PoE integrates data, voice and power on a standard Ethernet infrastructure, providing new options for power distribution. This allows IP telephones, wireless LAN access points, surveillance cameras, and other embedded appliances, to receive power as well as data over standard CAT5 Ethernet cabling.
In 2003 the IEEE approved PoE as an international standard, and called it IEEE802.3af, opening up new approaches to installing appliances and computer systems.
The IEEE802.3af standard defines the amount of power that needs to be delivered to each device as well as the process that needs to be followed in order to determine if a device is capable of accepting power over Ethernet cabling.
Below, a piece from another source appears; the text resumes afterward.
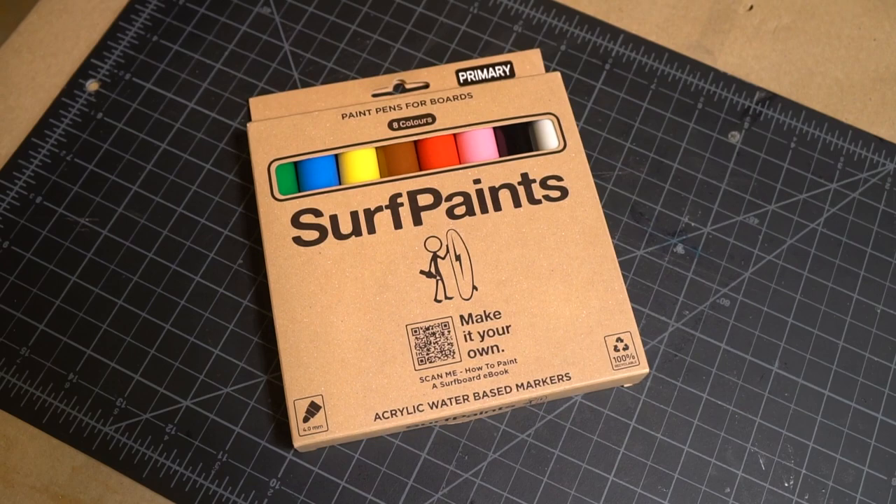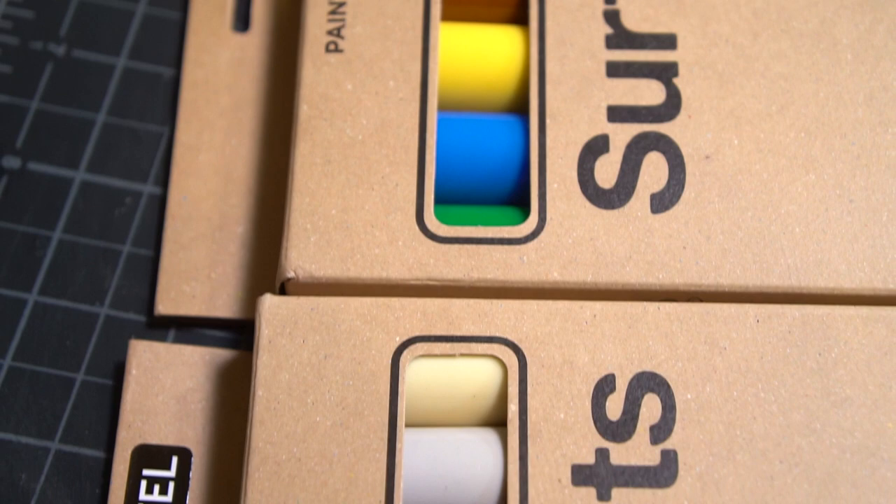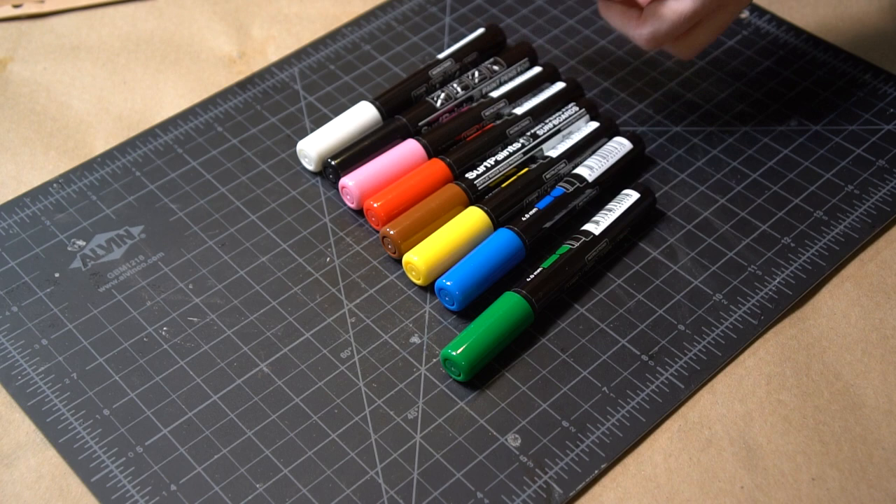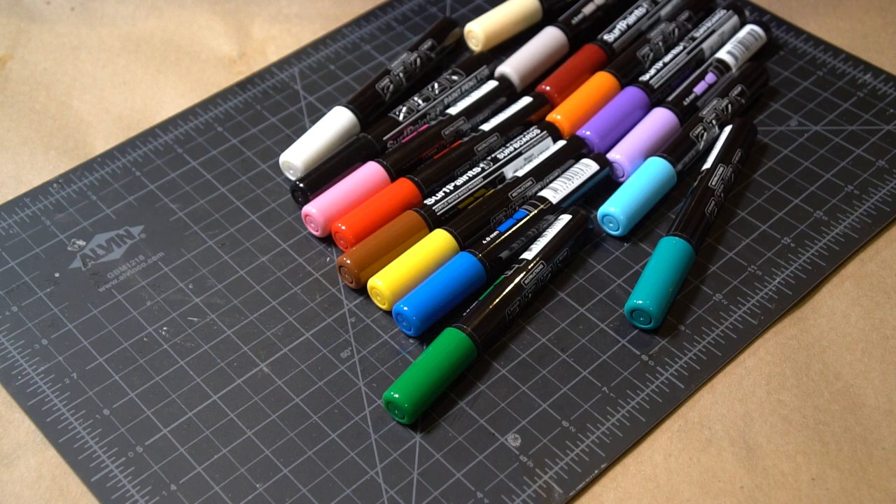Surfpaints is an Australian company and they offer up a range of marker sets from the land down under. They sent me over their primary and pastel collections to try out, and I already like some of the color variety I'm seeing. There's a sticker in there — nice. More stickers. Cool.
The standard also defines how power should be delivered to devices using the 10Base-T, 100Base-T and 1000Base-T networks.
How it works
In order to have a working PoE network, companies only need two major pieces of hardware, namely a Powered Device (PD) - this is the actual device that will receive the power - and the Power Sourcing Equipment (PSE), which will provide the power to the PD.
Two variants of the PSE are available, midspan and endspan, each designed with a specific network design in mind.
"Midspan devices are commonly known as power injectors," says Holtzhausen. "These power injectors would typically be used when introducing PoE into an already existing network infrastructure," he adds. The midspan hub would be installed in between the Ethernet hub and the device requiring power.
"An endspan device is a PoE-capable hub," continues Holtzhausen. Basically an endspan device would replace an already existent hub or switch, thus being able to provide the receiving device with both data and power.
According to Holtzhausen, in the case of a 10Base-T network, the power is supplied over the unused cable pairs, but, in the case of 1000Base-T, where all the cables are used, the power is merely sent over the same cables that carry the data.
So should I install a PoE network?
"PoE equipment is considerably more expensive than standard Ethernet equipment," comments Rickard. He says that if a company already has a working network in place it should not upgrade to PoE unless it will really have need for it in the next twelve months. "Companies that are planning on implementing a wireless network, and maybe even a VOIP system, may want to start looking PoE, but if a company has no plans to implement either of these technologies, it is really not worth it," he says.
On the other hand however, he says that companies that are just starting up, or companies that are putting a new network infrastructure in place, might want to go the PoE route. "Granted, wireless routers and VoIP phones are the only devices that are really driving the technology at the moment, but I feel that in the not too distant future more devices will be IEEE802.3af compliant," continues Rickard.
Rickard believes that notebooks, PDAs, smart phones, and perhaps even PCs, will soon be able to use a single cable for both power and data.
PoE sounds like a great technology, however, as with all good things in life, there are a couple of drawbacks.
The first is that when power is carried over data cables, one has to be very careful with the engineering around it, as it causes crosstalk, or interference with the data. This requires taking a step back and looking at the reasons for wanting to power devices through the data cable.
If the device is a phone, perhaps, it would be feasible, but with advances in ‘soft’ technology (such as soft phones), the need for power delivery through a cable becomes restricted to niche applications.
The second drawback is that the PSEs themselves generate heat. "The PSE has to get rid of the excess power flowing through it," says Holtzhauzen. "This is usually given off in the form of heat," he adds.
According to Holtzhauzen, administrators already have an ongoing problem with properly cooling their data centres, and introducing PSEs is just going to make the problem even worse. He advises that companies wanting to introduce PoE should make sure that their data centres are already properly cooled, and can handle the excess heat.